Questo è un gruppo di volontari che credono nella causa per
cui si combatte. Si compone di un numero indefinito di utenti
della rete, dai meno esperti nell'uso di un pc, ai veri e
propri hacker e cracker in grado di entrare in possesso di
dati che in qualche modo si cerca di difendere o proprio di
oscurare.
Generalmente vengono visti come dei criminali, per il fatto
che attaccare siti costringendoli alla chiusura momentanea
(mediante la cancellazione del sito, lasciando magari un'immagine
satirica e un messaggio, o con un attacco DoS che lo mandi
offline) e lo spargere informazioni "riservate" è contro la
legge. Su questo non si può dare torto. Ciò che non si vuole
dire è che dietro tutto questo non vi è alcun intento criminale,
nessun riutilizzo delle informazioni prelevate per un proprio
tornaconto, o semplice divertimento nel danneggiare i beni
altrui.
Quanto
viene fatto è a scopo dimostrativo, una protesta contro chi
per il proprio tornaconto commette crimini contro la libertà,
non diffonde le informazioni se non manipolandole, censurandole,
o direttamente non facendone menzione...
Diciamo
le cose come stanno: vogliono difendere dei diritti umani,
e l'informazione e la libertà di espressione ne fanno parte.
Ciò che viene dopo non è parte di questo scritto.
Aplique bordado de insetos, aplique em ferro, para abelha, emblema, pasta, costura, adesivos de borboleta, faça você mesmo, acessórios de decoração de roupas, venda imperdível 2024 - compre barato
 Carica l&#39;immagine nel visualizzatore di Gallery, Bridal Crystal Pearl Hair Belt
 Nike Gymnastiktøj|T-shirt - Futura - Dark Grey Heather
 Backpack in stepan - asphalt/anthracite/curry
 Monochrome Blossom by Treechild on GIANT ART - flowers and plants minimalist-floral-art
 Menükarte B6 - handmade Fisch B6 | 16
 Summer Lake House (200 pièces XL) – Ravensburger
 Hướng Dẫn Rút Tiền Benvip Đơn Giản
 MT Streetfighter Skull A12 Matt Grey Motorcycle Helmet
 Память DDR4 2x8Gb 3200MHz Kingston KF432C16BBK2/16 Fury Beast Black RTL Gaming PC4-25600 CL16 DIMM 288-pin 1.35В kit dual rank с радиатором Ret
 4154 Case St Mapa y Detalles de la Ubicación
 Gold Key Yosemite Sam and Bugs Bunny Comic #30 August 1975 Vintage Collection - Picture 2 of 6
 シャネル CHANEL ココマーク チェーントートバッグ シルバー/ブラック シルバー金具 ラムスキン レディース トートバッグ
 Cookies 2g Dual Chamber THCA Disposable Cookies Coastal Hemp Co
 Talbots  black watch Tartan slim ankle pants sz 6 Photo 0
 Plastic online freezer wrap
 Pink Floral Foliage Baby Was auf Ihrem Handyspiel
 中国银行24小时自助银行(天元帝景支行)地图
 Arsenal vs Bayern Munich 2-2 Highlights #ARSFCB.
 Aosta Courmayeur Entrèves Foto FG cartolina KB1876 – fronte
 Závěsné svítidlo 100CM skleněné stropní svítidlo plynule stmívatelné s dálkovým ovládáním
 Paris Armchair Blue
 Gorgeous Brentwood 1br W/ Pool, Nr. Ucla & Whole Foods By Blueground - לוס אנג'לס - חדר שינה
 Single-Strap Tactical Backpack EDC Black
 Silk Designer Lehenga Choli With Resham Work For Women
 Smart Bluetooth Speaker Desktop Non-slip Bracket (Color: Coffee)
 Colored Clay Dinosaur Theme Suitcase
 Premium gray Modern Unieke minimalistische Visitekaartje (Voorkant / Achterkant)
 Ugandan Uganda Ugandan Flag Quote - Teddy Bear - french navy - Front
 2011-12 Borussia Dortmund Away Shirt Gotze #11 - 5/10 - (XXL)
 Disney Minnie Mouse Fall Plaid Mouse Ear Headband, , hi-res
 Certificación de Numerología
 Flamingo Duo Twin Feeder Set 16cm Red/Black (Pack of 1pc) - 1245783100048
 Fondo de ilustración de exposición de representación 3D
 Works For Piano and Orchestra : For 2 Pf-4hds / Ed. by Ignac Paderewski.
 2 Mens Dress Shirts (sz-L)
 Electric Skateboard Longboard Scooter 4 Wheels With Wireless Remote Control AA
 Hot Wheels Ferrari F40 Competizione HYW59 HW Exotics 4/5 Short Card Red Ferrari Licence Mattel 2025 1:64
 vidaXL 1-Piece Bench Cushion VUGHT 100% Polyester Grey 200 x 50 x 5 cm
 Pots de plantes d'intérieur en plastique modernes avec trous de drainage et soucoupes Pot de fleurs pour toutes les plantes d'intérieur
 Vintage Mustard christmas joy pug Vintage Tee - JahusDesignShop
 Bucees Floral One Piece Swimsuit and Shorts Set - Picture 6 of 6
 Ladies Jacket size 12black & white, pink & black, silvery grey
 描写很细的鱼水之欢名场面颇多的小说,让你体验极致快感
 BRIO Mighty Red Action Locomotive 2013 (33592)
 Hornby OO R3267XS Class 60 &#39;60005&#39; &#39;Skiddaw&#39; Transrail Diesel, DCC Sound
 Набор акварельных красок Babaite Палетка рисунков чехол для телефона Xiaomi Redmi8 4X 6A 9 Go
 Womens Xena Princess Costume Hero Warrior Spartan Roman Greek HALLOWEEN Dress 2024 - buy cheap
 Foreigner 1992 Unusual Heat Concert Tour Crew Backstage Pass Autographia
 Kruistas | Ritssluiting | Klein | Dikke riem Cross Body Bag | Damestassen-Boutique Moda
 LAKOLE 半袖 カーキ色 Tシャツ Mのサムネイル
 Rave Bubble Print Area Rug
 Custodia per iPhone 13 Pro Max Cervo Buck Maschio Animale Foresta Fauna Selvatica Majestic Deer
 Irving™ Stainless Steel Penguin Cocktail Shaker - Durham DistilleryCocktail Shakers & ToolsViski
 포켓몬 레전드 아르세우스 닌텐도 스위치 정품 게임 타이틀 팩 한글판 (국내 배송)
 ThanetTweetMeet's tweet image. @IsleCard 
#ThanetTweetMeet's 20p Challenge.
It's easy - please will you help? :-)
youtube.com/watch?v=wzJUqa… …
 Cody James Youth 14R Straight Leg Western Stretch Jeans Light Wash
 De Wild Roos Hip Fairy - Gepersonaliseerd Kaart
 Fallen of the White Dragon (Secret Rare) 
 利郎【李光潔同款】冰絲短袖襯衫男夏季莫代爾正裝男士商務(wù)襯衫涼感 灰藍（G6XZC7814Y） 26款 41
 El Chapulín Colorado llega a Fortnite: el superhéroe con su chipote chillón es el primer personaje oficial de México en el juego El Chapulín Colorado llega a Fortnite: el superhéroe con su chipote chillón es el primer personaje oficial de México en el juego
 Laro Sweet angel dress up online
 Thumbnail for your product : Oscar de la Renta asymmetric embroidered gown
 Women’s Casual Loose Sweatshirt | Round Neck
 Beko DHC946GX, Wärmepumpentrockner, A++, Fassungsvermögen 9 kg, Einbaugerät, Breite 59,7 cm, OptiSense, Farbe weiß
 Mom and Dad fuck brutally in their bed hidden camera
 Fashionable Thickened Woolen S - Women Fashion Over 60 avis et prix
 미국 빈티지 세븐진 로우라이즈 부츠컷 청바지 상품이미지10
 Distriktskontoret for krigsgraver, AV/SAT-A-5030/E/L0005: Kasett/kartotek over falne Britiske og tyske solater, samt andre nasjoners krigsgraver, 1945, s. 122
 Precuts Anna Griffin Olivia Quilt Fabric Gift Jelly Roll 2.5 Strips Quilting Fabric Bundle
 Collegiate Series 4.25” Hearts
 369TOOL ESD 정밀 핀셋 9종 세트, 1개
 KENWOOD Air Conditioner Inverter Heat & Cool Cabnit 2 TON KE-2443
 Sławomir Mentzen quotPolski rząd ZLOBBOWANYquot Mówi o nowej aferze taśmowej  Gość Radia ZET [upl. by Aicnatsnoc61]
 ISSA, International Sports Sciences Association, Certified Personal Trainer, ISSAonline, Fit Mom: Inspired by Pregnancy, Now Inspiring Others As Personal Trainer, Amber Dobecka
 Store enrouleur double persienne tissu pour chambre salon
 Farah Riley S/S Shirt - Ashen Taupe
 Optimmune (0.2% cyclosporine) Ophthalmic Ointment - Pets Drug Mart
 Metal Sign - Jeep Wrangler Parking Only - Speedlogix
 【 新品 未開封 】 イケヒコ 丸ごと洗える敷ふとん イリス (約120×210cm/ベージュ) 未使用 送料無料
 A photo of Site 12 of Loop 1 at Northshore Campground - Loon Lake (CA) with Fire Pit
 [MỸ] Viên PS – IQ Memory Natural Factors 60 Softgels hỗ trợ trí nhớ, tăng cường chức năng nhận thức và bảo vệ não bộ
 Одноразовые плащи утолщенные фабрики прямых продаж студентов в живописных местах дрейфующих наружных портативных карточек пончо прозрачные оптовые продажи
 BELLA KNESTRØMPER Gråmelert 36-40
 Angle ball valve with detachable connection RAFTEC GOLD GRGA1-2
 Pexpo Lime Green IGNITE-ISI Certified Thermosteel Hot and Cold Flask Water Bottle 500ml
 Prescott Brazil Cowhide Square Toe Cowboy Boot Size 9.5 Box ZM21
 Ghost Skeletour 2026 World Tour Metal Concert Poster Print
Ma molti giornali e blog invece sembrerebbero non tener proprio
conto dei loro nobili intenti. Tanto
per cominciare Anonymous è un nome, dove ci può essere una
persona come milioni. Non essendo quindi un'organizzazione
vera e propria risulta un pò difficile andare a sostenere
che operi come un gruppo criminale...
Il
gruppo, se così si può chiamare, ha origine intorno al 2003
e via via diventa più intraprendente e famoso. La loro entrata
in scena più recente e rumorosa è del 20 gennaio 2012, 24
ore dopo il passaggio della legge SOPA e della chiusura del
sito di filesharing e video con dominio MEGAUPLOAD e MEGAVIDEO,
sito sul quale il 4% del traffico online mondiale si concentra-va...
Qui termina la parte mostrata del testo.